Моя родина — разрытая земля, вывернутая к небу своей одноцветной песочной изнанкой, земля, которой от всей ее первозданности остались лишь случайные куски изрезанной дернины. Моя родина — котлованы, траншеи, навалы труб и кирпичей, покалеченный экскаватор, две недели живший под окнами нашего барака, сонный гигант, с которым мы играли в Испанию и мелом писали на кабине «No pasaran!» — они не пройдут!..

К сожалению, они прошли.

Ладно, посмотрим, жизнь еще не кончена…

Еще помню свалку — наши джунгли, великую страну неожиданностей. Там из груды ветоши и стружек я однажды выскреб железку — не шарик, не ролик, не деталь, просто изрезанный металлом металл, железку с зазубренными краями. Странно, но именно тогда доставшийся мне мир поразил меня своей незаконченностью… Хорошая была свалка, во весь огромный пустырь, — теперь там поселок завода «Красный ветеран»…
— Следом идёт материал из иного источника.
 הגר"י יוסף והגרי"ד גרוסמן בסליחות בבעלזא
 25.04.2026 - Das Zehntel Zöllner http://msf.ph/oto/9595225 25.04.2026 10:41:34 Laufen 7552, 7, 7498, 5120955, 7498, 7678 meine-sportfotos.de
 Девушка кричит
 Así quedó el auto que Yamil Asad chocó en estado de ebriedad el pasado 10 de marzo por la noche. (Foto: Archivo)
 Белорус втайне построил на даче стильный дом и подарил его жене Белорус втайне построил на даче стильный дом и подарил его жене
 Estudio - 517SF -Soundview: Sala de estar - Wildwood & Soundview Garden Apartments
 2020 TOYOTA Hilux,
Моя родина — тупики за бараками, где я бил морду личным врагам, а личные враги били морду мне. Я злопамятен — ярость проигранных драк так, наверное, никогда и не уляжется. Хотя пора бы и забыть — нет больше тех бараков, нет тупиков. Где теперь оттачивают зубы маленькие московские волчата?
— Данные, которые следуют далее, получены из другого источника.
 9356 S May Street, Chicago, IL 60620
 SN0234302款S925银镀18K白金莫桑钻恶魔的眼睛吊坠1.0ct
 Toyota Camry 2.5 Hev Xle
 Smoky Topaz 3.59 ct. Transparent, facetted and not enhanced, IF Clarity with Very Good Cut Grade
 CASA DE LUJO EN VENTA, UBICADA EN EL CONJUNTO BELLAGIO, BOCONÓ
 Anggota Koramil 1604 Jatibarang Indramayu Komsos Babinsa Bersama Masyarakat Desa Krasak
Тридцать лет, а я уже старожил: город моего детства весь ушел в память. Мне еще повезло — в каждой третьей командировке я попадаю на родину. Сплю в бараке, привычно гляжу, как шуршит и осыпается вывернутая наизнанку земля, как между траншеями аккуратно пробирается экскаватор… Моя родина — стройка.

…На углу, в шикарной стеклянной забегаловке, продавали пончики — когда я уезжал, в ней еще возились маляры. Есть мне не хотелось, но и пройти мимо было жаль. Я взял пару пончиков и съел их медленно, оценивая на вид, на вкус и на вес. Должен же я знать, что творится в моем городе!

В редакцию я пошел прямиком. Не хотелось, но пошел — когда–то надо с этим кончать. Не вечно же обходить рядовой московский переулок…

Вот он, этот переулок. И вот он, этот дом, — серый восьмиэтажный квадрат. Теперь сюда можно заходить без опаски — прошло полгода, все, что было, быльем поросло, даже следы смыло талой водой. Впрочем, обошлось без этой романтики — ни к чему вешние воды в образцовом московском дворе, где каждое утро с шести до семи стараются дворники…

Я заглянул во двор, постоял немного. Глупо — словно ритуал выполнил… Было, прошло, забыто. Все, точка. И не на что обижаться — просто парень оказался лучше меня. Непонятно только, что она хотела сказать напоследок.